Türkiye'de devletin ve ilgili bakanlığın hala bunu önemli bir sorun olarak görmediğini savunan Ünlü, "Devlet bunu önemli bir sorun olarak görmeli, önüne koymalı ve önceliklerin üzerine çıkarmalıdır. Çünkü sayılar gerçekten çok hızlı artıyor. Bu bir yangına dönüşürse nasıl söndürülecek biz de bilmiyoruz" şeklinde konuştu.
Pozitif Yaşam Derneği
Nejat Ünlü, derneğin HIV/AIDS ile yaşayan kişiler arasında bir iletişim ağı kurarak tedaviye erişimlerini kolaylaştırmak, yaşam kalitelerini artırıcı bilgilendirme çalışmaları yapmak, kendilerinin ve yakınlarının fiziksel, ruhsal ve sosyal açıdan güçlenmelerini sağlamak, yaşadıkları hak mahrumiyetlerinde savunuculuk görevlerini yerine getirmek amacıyla kurulduğunu bildirdi.

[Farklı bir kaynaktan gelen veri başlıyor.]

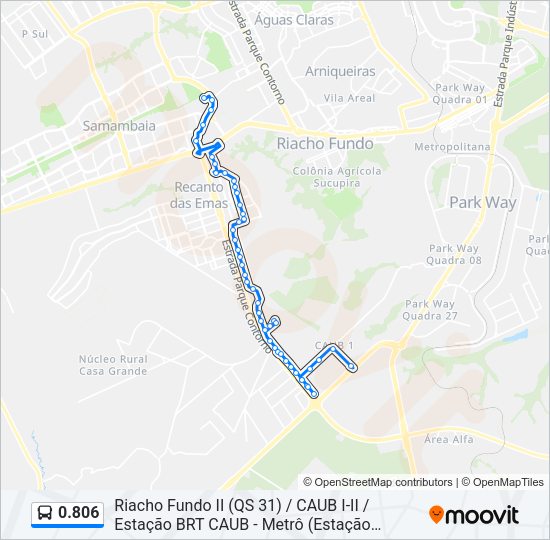 Mapa da linha 0.806 de ônibus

Derneğin ayrıca HIV/AIDS konusunda tüm toplumu bilinçlendirerek gereken önleme ve savaşım çalışmalarını yapmak amacını da taşıdığını aktaran Ünlü, sadece HIV pozitif kişilerden değil, onların akraba ve yakınlarından, doktorlardan, öğretim üyelerinden, toplumun her kesimini temsil eden kişilerin dernekte yer aldığını kaydetti.